John Hargreaves

Personal information
- Full name: John Michael Hargreaves
- Born: 24 February 1944 (age 82) Gainsborough, Lincolnshire, England
- Batting: Left-handed
- Bowling: Right-arm off break
- Relations: Herbert Hargreaves (father)

Domestic team information
- 1963–1981: Suffolk

Career statistics
| Competition | List A |
| Matches | 1 |
| Runs scored | 2 |
| Batting average | 2.00 |
| 100s/50s | –/– |
| Top score | 2 |
| Balls bowled | 66 |
| Wickets | 2 |
| Bowling average | 22.00 |
| 5 wickets in innings | – |
| 10 wickets in match | – |
| Best bowling | 2/44 |
| Catches/stumpings | –/– |
- Source: Cricinfo, 8 July 2011

= John Hargreaves (cricketer) =

English cricketer

John Michael Hargreaves (born 25 February 1944) is a former English cricketer. Hargreaves was a left-handed batsman who bowled right-arm off break. He was born in Gainsborough, Lincolnshire.

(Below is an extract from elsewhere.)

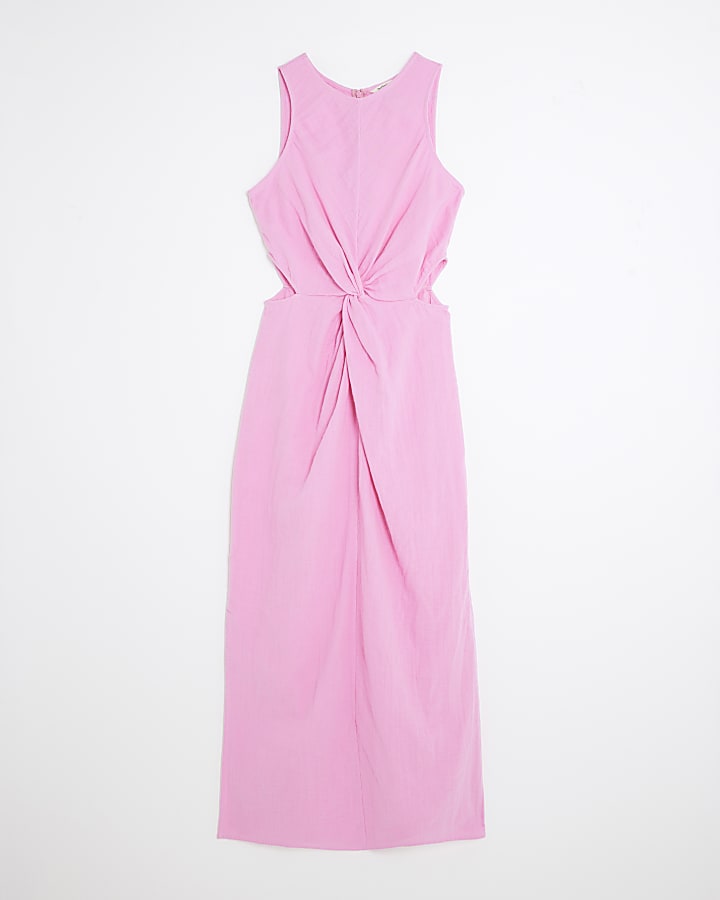 Pink Sleeveless Cut Out Midi Dress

Hargreaves made his debut for Suffolk in the 1963 Minor Counties Championship against Buckinghamshire. Hargreaves played Minor counties cricket for Suffolk from 1963 to 1981, making 60 Minor Counties Championship appearances. He made his only List A appearance against Kent in the 1966 Gillette Cup. In this match, he took the wickets of Brian Luckhurst and Bob Wilson for the cost of 44 runs from 11 overs. With the bat, he was dismissed for 2 runs by Colin Cowdrey.

His father, Herbert, also played first-class cricket for Yorkshire County Cricket Club, as well as Minor counties cricket for Suffolk.